FIG. 1 is a schematic diagram for explaining one embodiment of the present invention. The core substrate is composed of a number of steel shots 1 joined by a binder made of phenolic resin, and a coating layer 2 made of scaly aluminum is applied to a portion of the core that comes into contact with the molten metal. . The steel shot 1 is a spherical body of about 0.2 mm and is made of stainless steel containing ferrite, pearlite, etc., and the phenol resin is added at about 0.4% by weight based on the total weight of the steel shot. In addition, the thickness of the coating layer 2 made of flaky aluminum is uniformly formed in the range of 200 to 600 μm.

When the steel shot 1 is used as a core material, heat diffusion can be increased, and cooling and solidification of the molten metal can be promoted. Therefore, the structure of the cast portion that comes into contact with the core is made dense. And the insertion of the molten metal into the base material can be reduced as compared with the conventional sand core. However, if a configuration is adopted in which the molten metal comes into direct contact with the steel shot 1, the molten metal cannot be inserted into the steel shot 1 to some extent. A layer 2 is provided, which blocks insertion of the molten metal into the steel shot 1. In other words, with reference to FIG. 2, the portion of the coating layer 2 that has come into contact with the molten metal 3 is once melted, and then cooled as the molten metal is cooled to form a solidified layer 2a. Insertion is prevented. Therefore, it is desirable that the melting point of the flaky aluminum is set lower than the melting point of the molten metal. Further, since the thermal conductivity of the steel shot 1 is high as described above, the double coat layer as conventionally provided in the sand core becomes unnecessary, and the molten metal can be prevented from being inserted with only the two coating layers. Becomes Further, when the core is disintegrated, when the solidified layer is removed from the outer surface of the cast product, the work is easy and the tool is less likely to be damaged.

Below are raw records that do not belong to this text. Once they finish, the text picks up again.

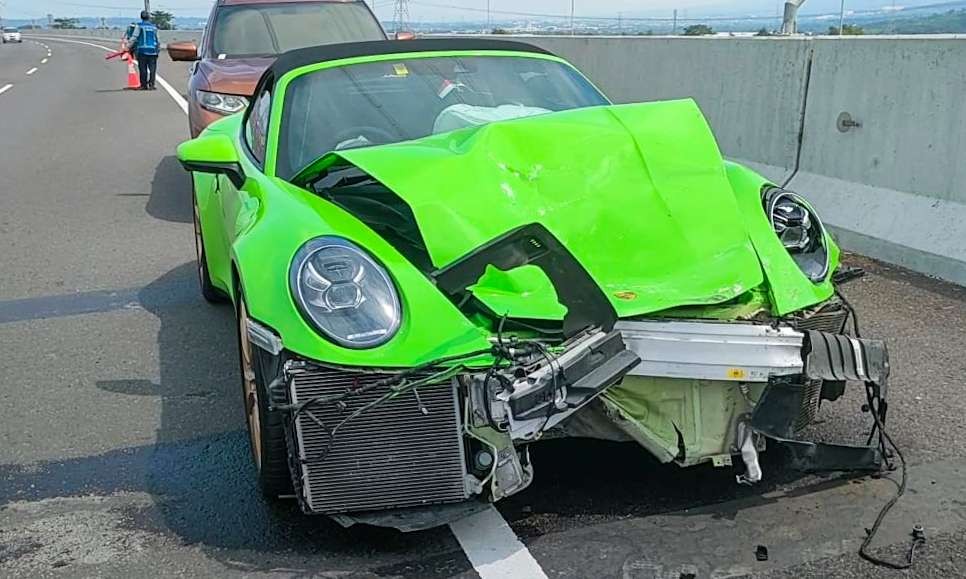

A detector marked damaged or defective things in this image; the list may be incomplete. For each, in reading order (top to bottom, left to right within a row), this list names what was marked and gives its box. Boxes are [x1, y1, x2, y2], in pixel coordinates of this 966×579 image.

crumpled hood [332, 99, 772, 318]
damaged headlight [764, 188, 832, 284]
damaged headlight [292, 237, 404, 348]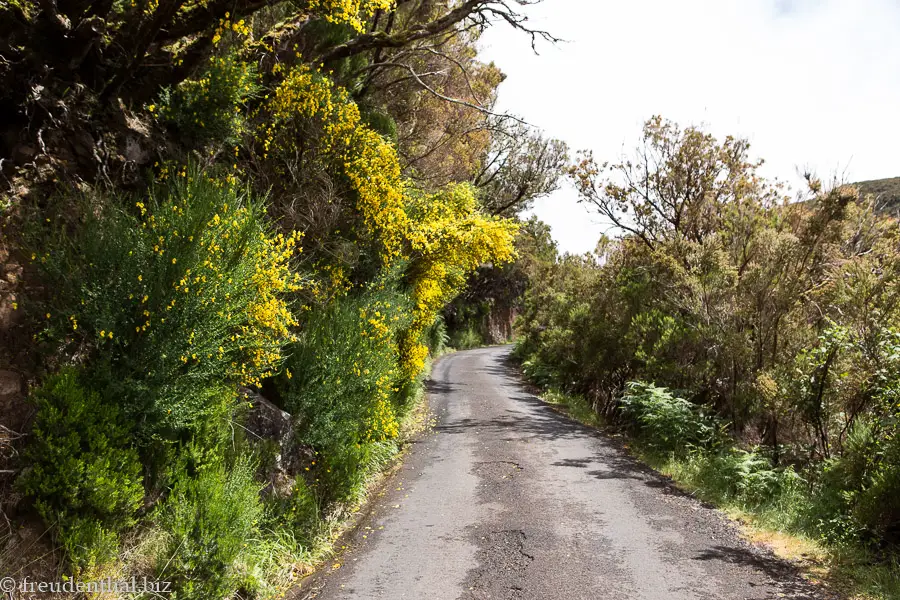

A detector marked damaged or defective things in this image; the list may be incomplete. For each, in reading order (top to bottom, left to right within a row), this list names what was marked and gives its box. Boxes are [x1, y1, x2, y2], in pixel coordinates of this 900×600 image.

cracked pavement [298, 346, 832, 600]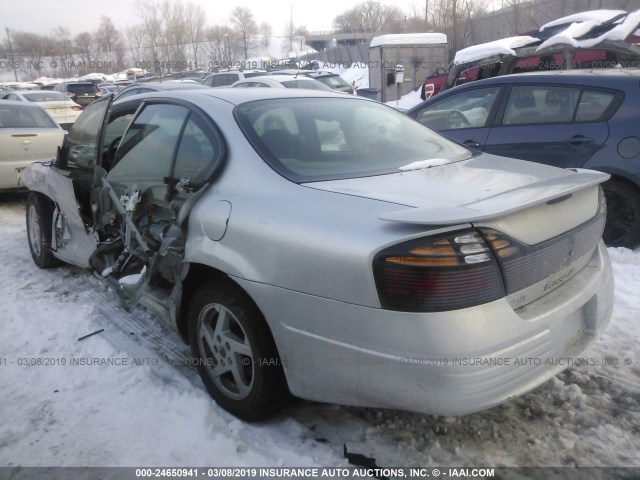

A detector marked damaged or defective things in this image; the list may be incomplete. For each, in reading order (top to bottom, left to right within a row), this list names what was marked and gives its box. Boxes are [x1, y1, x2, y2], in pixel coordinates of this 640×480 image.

wrecked vehicle [22, 87, 616, 420]
damaged silver sedan [22, 89, 616, 420]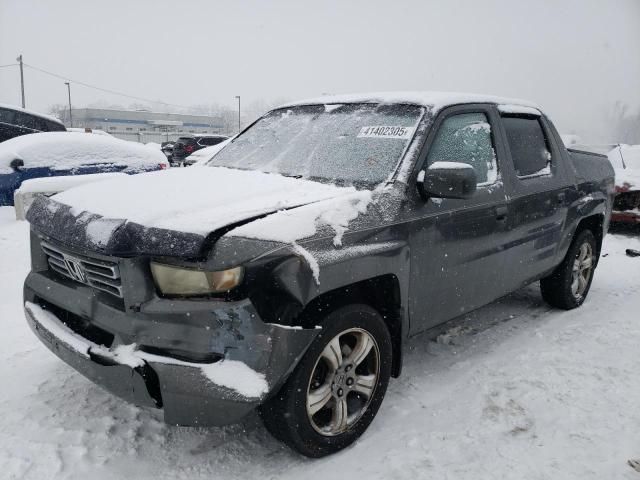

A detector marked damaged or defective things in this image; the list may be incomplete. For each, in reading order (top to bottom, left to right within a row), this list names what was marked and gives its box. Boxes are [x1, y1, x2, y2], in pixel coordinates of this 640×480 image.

front bumper damage [25, 270, 320, 428]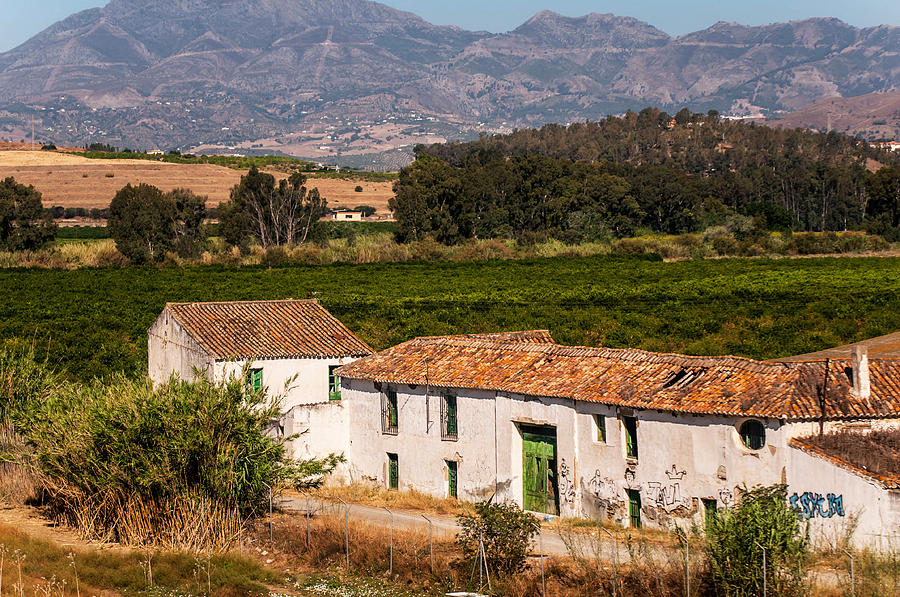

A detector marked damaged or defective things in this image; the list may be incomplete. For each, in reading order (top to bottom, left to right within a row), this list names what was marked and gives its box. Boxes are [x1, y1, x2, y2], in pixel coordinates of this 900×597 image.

FIG. 3 is a graph showing how the depth of insertion of the molten metal decreases as the thickness of the coating layer 2 increases. In this case, the molten metal insertion depth changes greatly depending on the molten metal pressure, and the pressure is 10 kg / cm ² , 50 kg / cm ² , 100 k
It increases as g / cm ² increases. Incidentally, in the case of a sand core, even when the coating layer 2 is applied to a thickness of about 800 μm, the molten metal insertion depth exceeds 1000 μm, which is extremely large.

Furthermore, if the steel shot 1 is made of austenitic stainless steel, the coefficient of thermal expansion of the steel shot 1 can be increased, so that even if a high pressure is applied to the core during casting, the amount of contraction of the core with respect to the pressure of the molten metal is consequently increased. Can be reduced. In general, it is preferable to increase the particle size of the steel shot 1 because the collapsibility at the time of core collapse is good, but there is a disadvantage that the amount of shrinkage increases. Therefore, when increasing the grain size of the steel shot 1 in order to improve the core disintegration, if the steel shot 1 is made of austenitic stainless steel, the increase in the shrinkage of the steel shot 1 with respect to the molten metal pressure can be suppressed. This is effective in preventing the insertion of molten metal.

When the molten metal pressure is 700 kg / cm ² , a ferritic (or pearlite) stainless steel (linear expansion coefficient α = 1.1 × 10 ⁻⁵ / ° C.) is used as the steel shot 1 and an austenitic stainless steel ( Linear expansion coefficient α = 1.
The shrinkage in each case using (8 × 10 ⁻⁵ / ° C.) was about 5.0% for the former and about 2.9% for the latter. The shape of the test piece used to obtain this data was cylindrical with a diameter of φ20 and a length of 50 mm in both cases, and in both cases, there was almost no difference in the disintegration property during core collapse. However, in the case of a core having a more complicated shape, the use of austenitic stainless steel as the steel shot 1 has a higher thermal conductivity and a higher rate of temperature rise of the core, thereby burning down the phenolic resin constituting the binder. Is improved, so that the disintegration property is improved.

Further, the structure of the core contact portion of the cast product cast using the core of the example was photographed by a micrograph, and this photograph is shown in FIG. At this time, the conditions such as the core shape were determined as follows.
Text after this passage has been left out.